In the 18th Century the philosophies of The Enlightenment would begin to have dramatic effect, and the landmark works of philosophers such as Immanuel Kant and Jean-Jacques Rousseau would have an electrifying effect on a new generation of thinkers. In the late 18th century a movement known as Romanticism would seek to combine the formal rationality of the past, with a greater and more immediate emotional and organic sense of the world. Key ideas that would spark this change are evolution argued by Erasmus Darwin and Johann Wolfgang von Goethe, and what might now be called emergent order, for example the Free Market of Adam Smith. Pressures for egalitarianism, and more rapid change would culminate in a period of revolution and turbulence that would see philosophy change as well.
1 Brief Historical Outline
With the tumultuous years of 1789-1815, European culture was transformed by revolution, war and disruption. By ending many of the social and cultural props of the previous century, the stage was set for dramatic economic and political change. European philosophy participated in, and drove, many of these changes.
The last third of the 18th century produced a host of ideas and works which would both systematize previous philosophy, and present a deep challenge to the basis of how philosophy had been systematized. Immanuel Kant is a name that most would mention as being among the most important of influences, as would Jean-Jacques Rousseau. While both of these philosophers were products of the 18th century and its assumptions, they pressed at the boundaries.

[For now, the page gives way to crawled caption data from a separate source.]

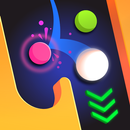 Bumpy Drop 3D APK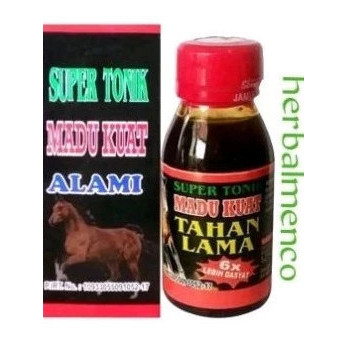 

Super Ori!!!!!! ori Madu Stamina Pria Dewasa Tahan Lama Jamu Kuat Herbal Ejakulasi Dini Impotensi Tambah original Bpom Semua barang dijamin ampuh jika tidak ampuh uang kembali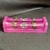 Bolador Mini Size Lion Rolling Circus Sexy Sadie (Rosa) - comprar online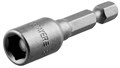 STAYER 8 х 48 мм, 1 шт, бита с торцовой головкой, Professional (26390-08) 00020690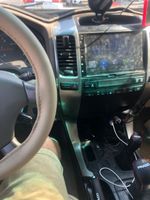 Toyota Land Cruiser Prado с пробегом, 2008, частная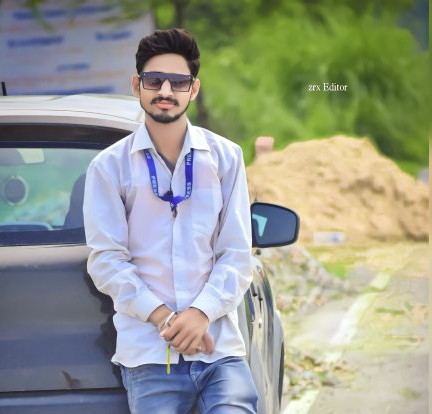 District Riporter Jan Bharat Tv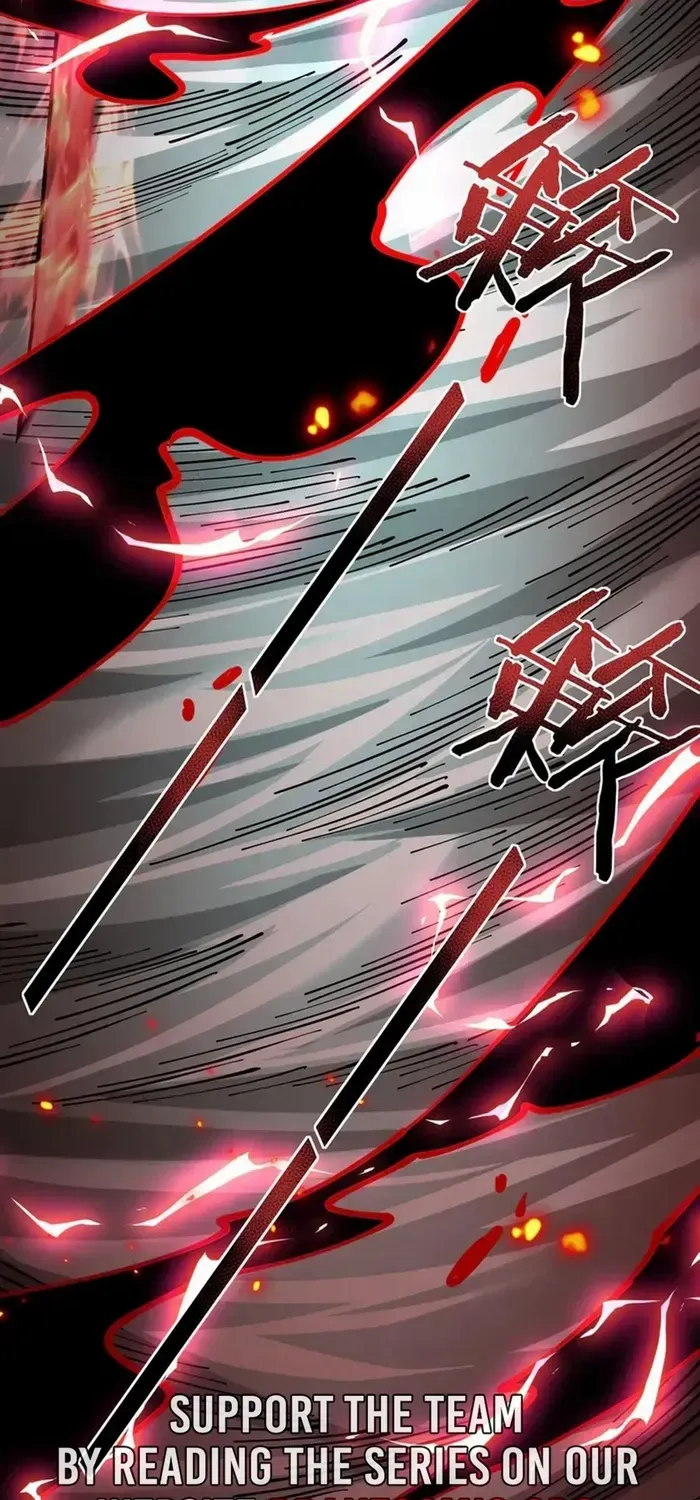Shadow’s Resurgence Chapter 40 page 51 - 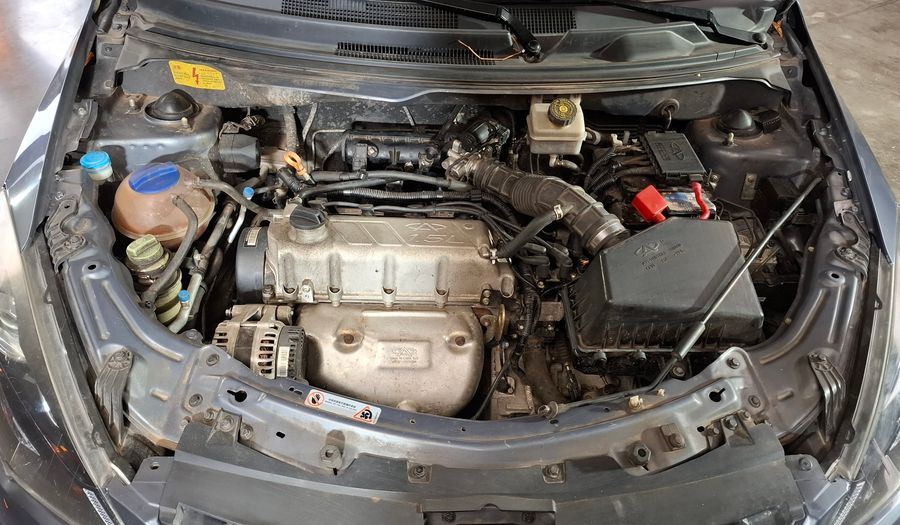 Chery Fulwin 1.5 Hatchback 2019
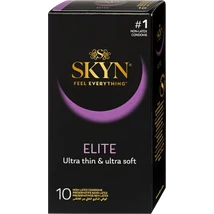 Lifestyles 10 db SKYN  ELITE 10 db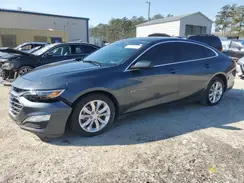 1G1ZD5ST5LF042352 2020 CHEVROLET MALIBU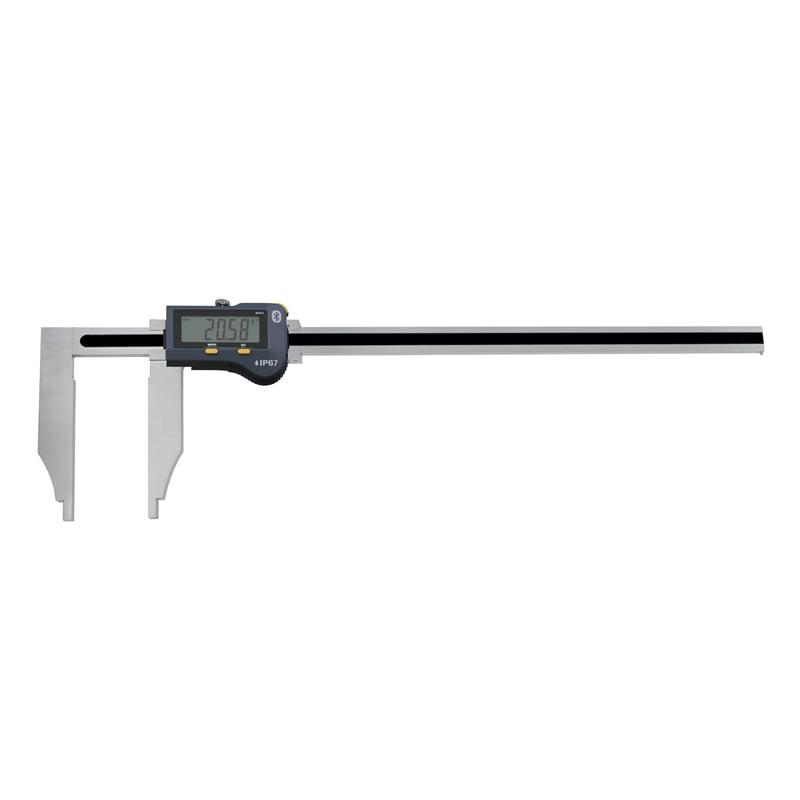 SYLVAC Digital skydelære S_Cal EVO FORM E IP67 300 mm (810.1546) Bluetooth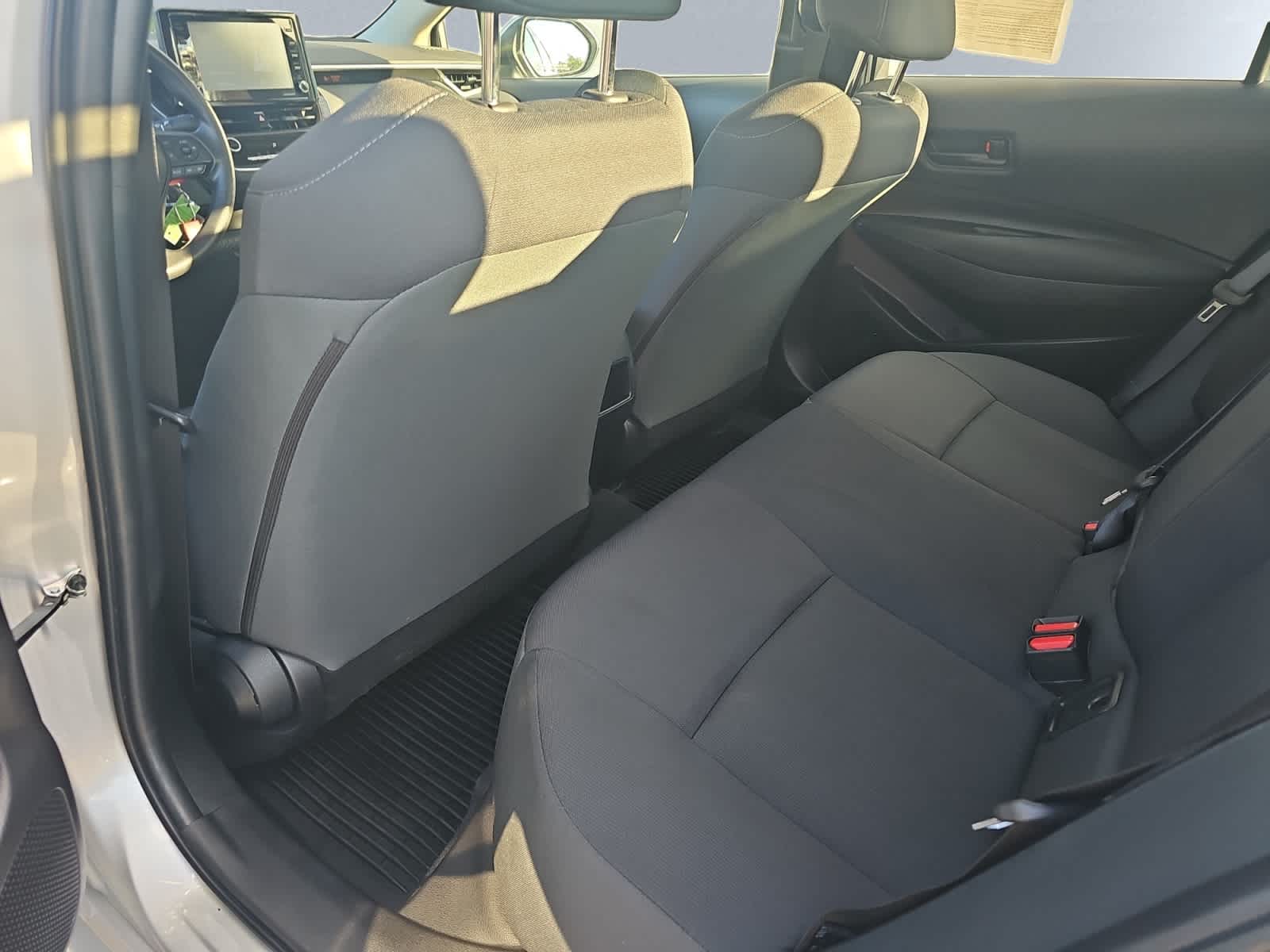 used 2022 Toyota Corolla car, priced at $23,998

In trying to explain the nature of the state and government, Rousseau would challenge the basis of government with his declaration that "Man is born free, but is everywhere in chains". Kant, while attempting to preserve axiomic skepticism, was forced to argue that we do not see reality, nor do we speak of it, only how it appears to us.
One of the first philosophers to attempt to synthesize these influence was Johann Gottlieb Fichte, whose working out of Kantian metaphysics included incorporation of what would become the major movement in European arts and letters for the next 50 years, Romanticism. Fichte's Wissenschaftslehre, he argues that the self posits itself and is a self-producing and changing process.